Aug 26, 2013

Helicopter Parents

If working with college students is teaching me anything it's that I will not be a helicopter parent.  I repeat, I will not be a helicopter parent.  For starters, in case this is a new term for you here is the definition from Wikipedia (I know not the best reference):

A heliicopter parent is a parent who pays extremely close attention to a child's or children's experiences and problems, particularly at educational institutions. Helicopter parents are so named because, like helicopters, they hover overhead.

Before I go in to more detail I cannot forget to thank my parents for making me fight my own battles, and solve my own problems.  Both of these things mentioned seem to be lost skills.  Thanks mom and dad, you are amazing!

I deal with helicopter parents regularly  but the start of the academic year, at midterms and when grades post bring a higher frequency of calls and foot traffic to my office from parents.  What about Ferpa you ask?  It appears most of my students have given their parent's permission to their academic records and therefore I can speak with them.  I would be lying if when I receive a call from a parent I am not hoping that their name will not pop up on that information screen.  99% of the time I am disappointed and they have their parents listed on the Ferpa form.  I do not disclose much of anything to the parent as I want to redirect all conversation back through their child, but I am still on the receiving end listening to the requests.

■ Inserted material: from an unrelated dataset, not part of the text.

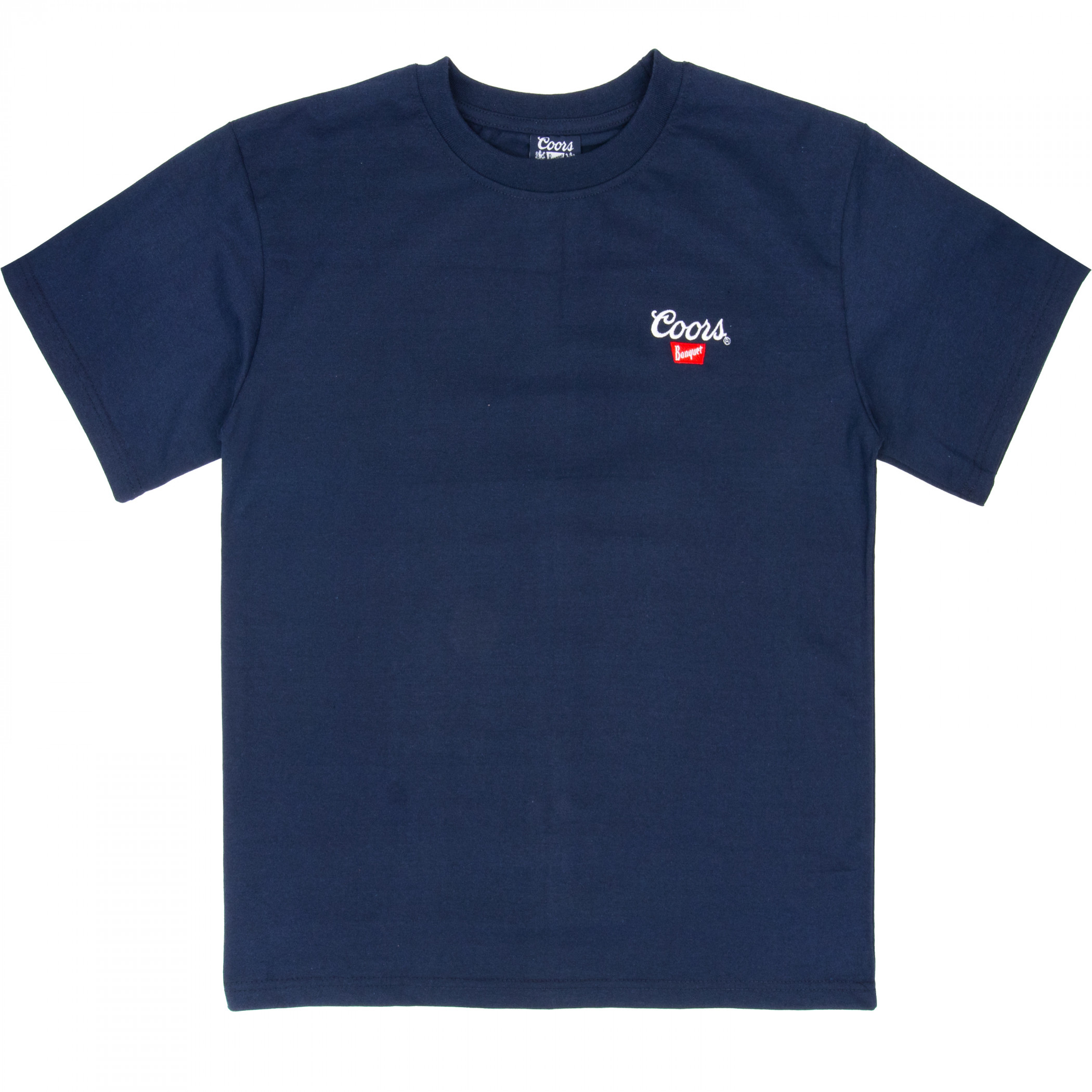 Coors Western Sunset Embroidered Tapestry Front and Back T-Shirt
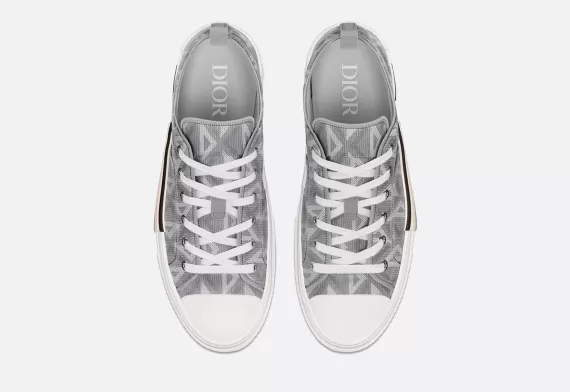 B23 Low-Top Sneaker Dior Gray CD Diamond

In the parents defense, I work in the Disability Resource Office.  The students that I serve have a disability and qualify for services.  Parents of children with disabilities are great advocates for their children, they have to be to often get the best education and services for their child.  I totally get that, but your child is 18, 19 or even a graduate student.  

Ok, ready for my top 5 helicopter parent moments from Saturday and today??  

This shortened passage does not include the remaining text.